A letter to the young American
I am 26 years old, an American citizen, and I am fearful for the future of my country. Allow me to explain.
I would be foolish to say I understand all of the minute details of the current healthcare bill awaiting passage in our Congress. It would be foolish to say I fully understand all of the moving parts necessary to get our economy back on track. It would be foolish to say I fully understand what President Obama has planned for our country.
However, I am not foolish. I am paying attention. Unlike any generation before, young Americans are paying attention. We cannot ignore the state of our present any longer. We are concerned for the future of America, but many of us see the future quite differently. We wonder how our generation’s respective “American Dream” will play itself out.
I graduated from high school after the “Dot-Com Bubble” had burst. President George W. Bush had been in office for little more than four months when I wore my first cap and gown. I wore what was likely my final cap and gown last May, and President Obama had been in office a mere four months. Each of these men spent their first year in office under extreme scrutiny, one enduring a serious terrorism attack from abroad, the other taking office in the midst of the worst financial crisis in decades.
These men were met with extraordinary challenges. However, the challenge facing America today is more than an economic downturn or the rising price of gasoline. It is more than terrorist threats or depleted retirement accounts. It is a problem of understanding. It is a problem of history. Edmund Burke, the British philosopher said, “Those who don’t know history are destined to repeat it.”

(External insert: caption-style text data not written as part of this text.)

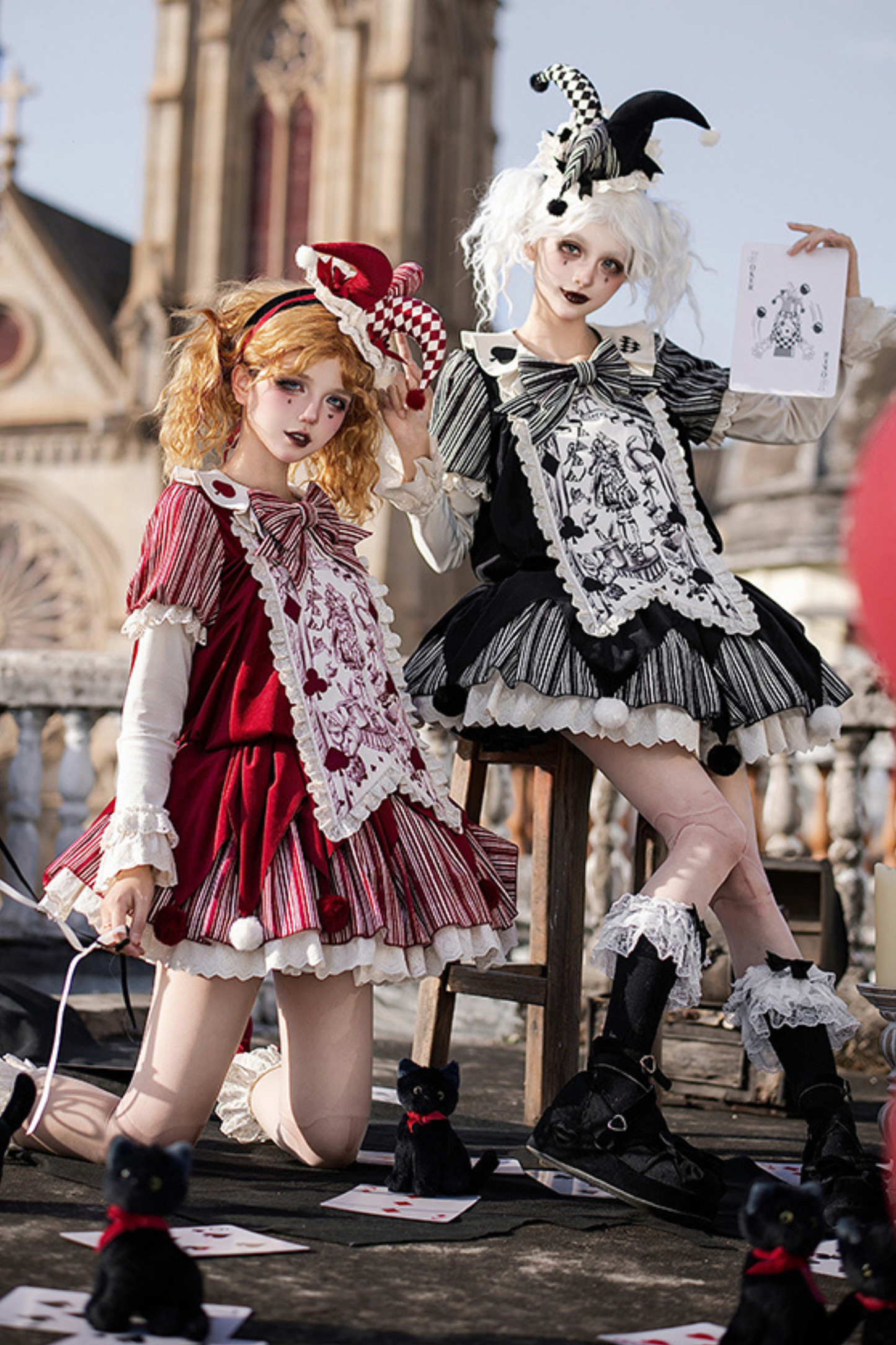 Doll Circus Pierrot Lolita Dress + Headband + Belt + Ribbon + Headband + Panel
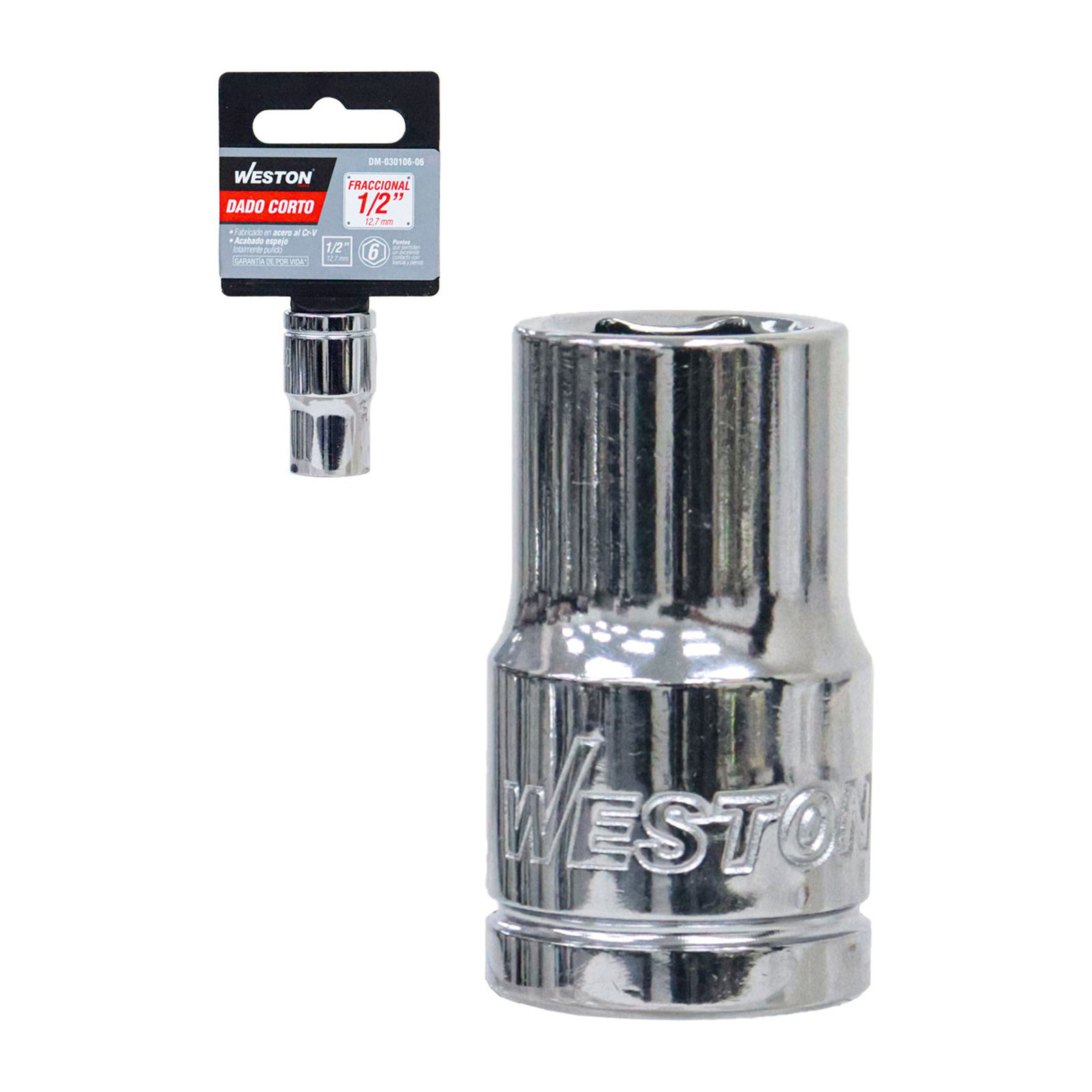 Dado Corto Cuadro 1/2" 6 Puntas 1/2" Weston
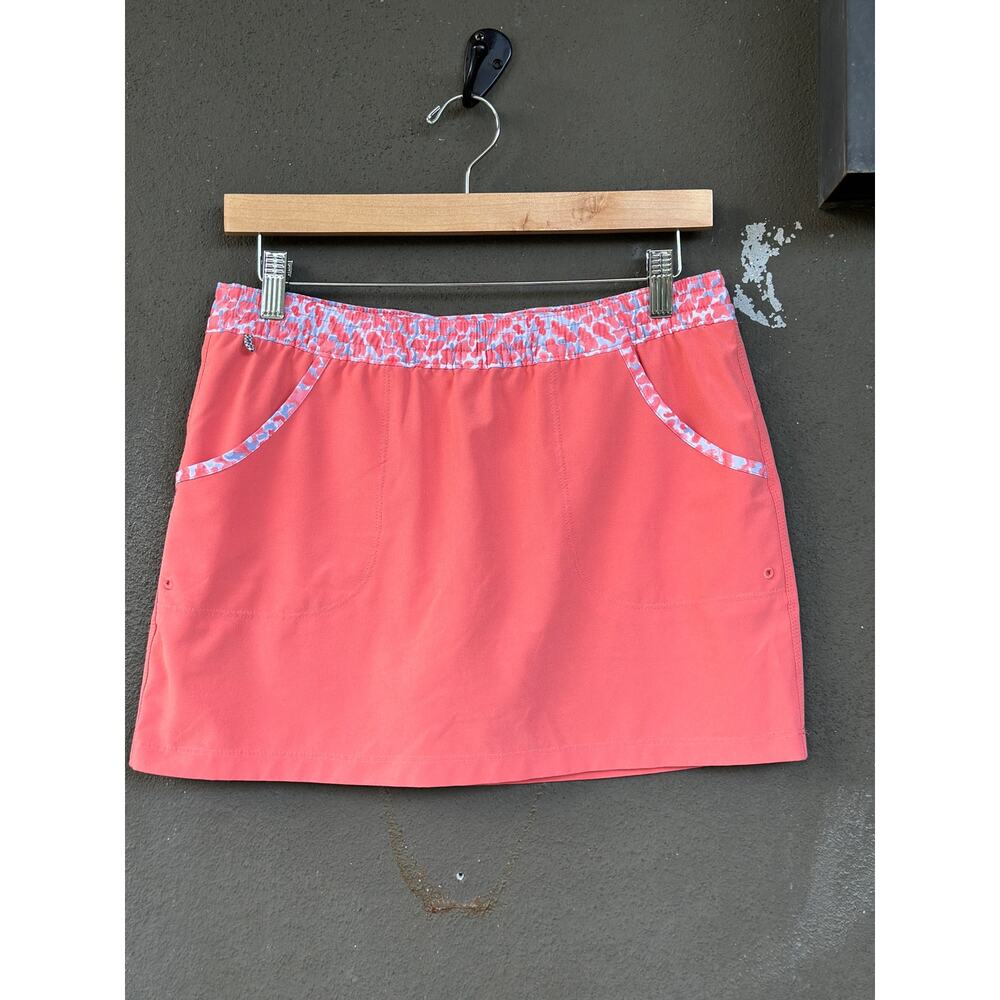 Columbia PFG Small Stretch Golf Tennis Pickleball Skorts Athletic Skirt Coral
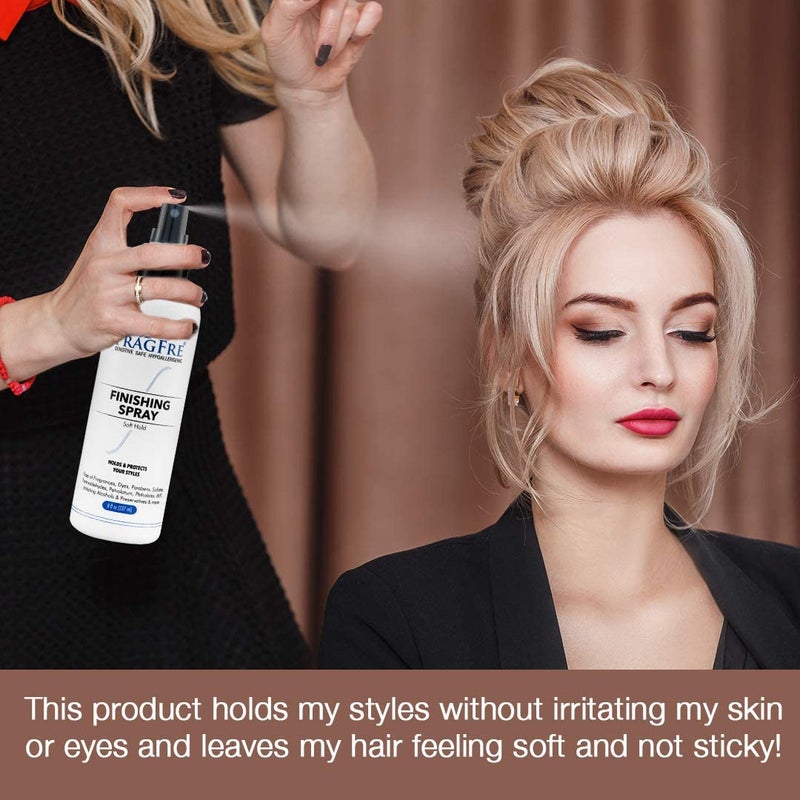 FRAGFRE Hair Finishing Spray 8 oz - Flexible Soft Hold - Hair Spray for Sensitive Skin - Fragrance Free Hypoallergenic Parabens Free - Non Irritating Quick Dry Denatured Alcohol - Gluten Free Vegan - Image 3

Not only are we uneducated in our own history, but we have learned nothing from others that have gone before us. We have the information at our fingertips, and we choose to ignore it. Americans are frightened, there is no question. We are concerned about where we will work and how we will pay our bills. We wonder how we will provide coverage for our families’ health needs. We are burdened with debt, both personally and as a Nation.
We are searching for answers, but we are looking in the wrong place. Government involvement is seldom the answer, and certainly not in this instance. Waste and is their modus operandi. We have seen where these choices will lead. We know what happens when nations not only allow but encourage their governments to take more control of their lives, when they allow government to dictate freedoms, when they expect their government to provide for them. These lessons are readily available to us, yet we ignore them.
The reasons are simple: dependence is easy, independence is hard. Apathy is easy, interest is hard. Lethargy is easy, vitality is hard. Indifference is easy, involvement is hard. My generation claims interest and independence, vitality and involvement. However, at best we are misguided and misled.
Independence is not the option to refuse our own liberties, but the task of remaining free to choose for ourselves. Interest is not watching “The Daily Show” or FoxNews, it is educating ourselves in the matters of our country. Vitality is not a bumper sticker of support, it is living and breathing our freedoms. Involvement is not pushing a button in the voting booth and checking back in four years later, it is a continuous study of the current state of affairs.
We are in this position because we have allowed it. Governments do not accumulate trillions in debt overnight. Households do not find themselves facing foreclosure overnight. This process began long ago, but that matters little to me. My generation will have no one to blame but ourselves if we continue our descent into dependence. The choice is ours to make. I fear some have already made their decision, and there will be no correcting it in the end. If Americans choose dependence over independence, it will take a literal revolution to return to independence.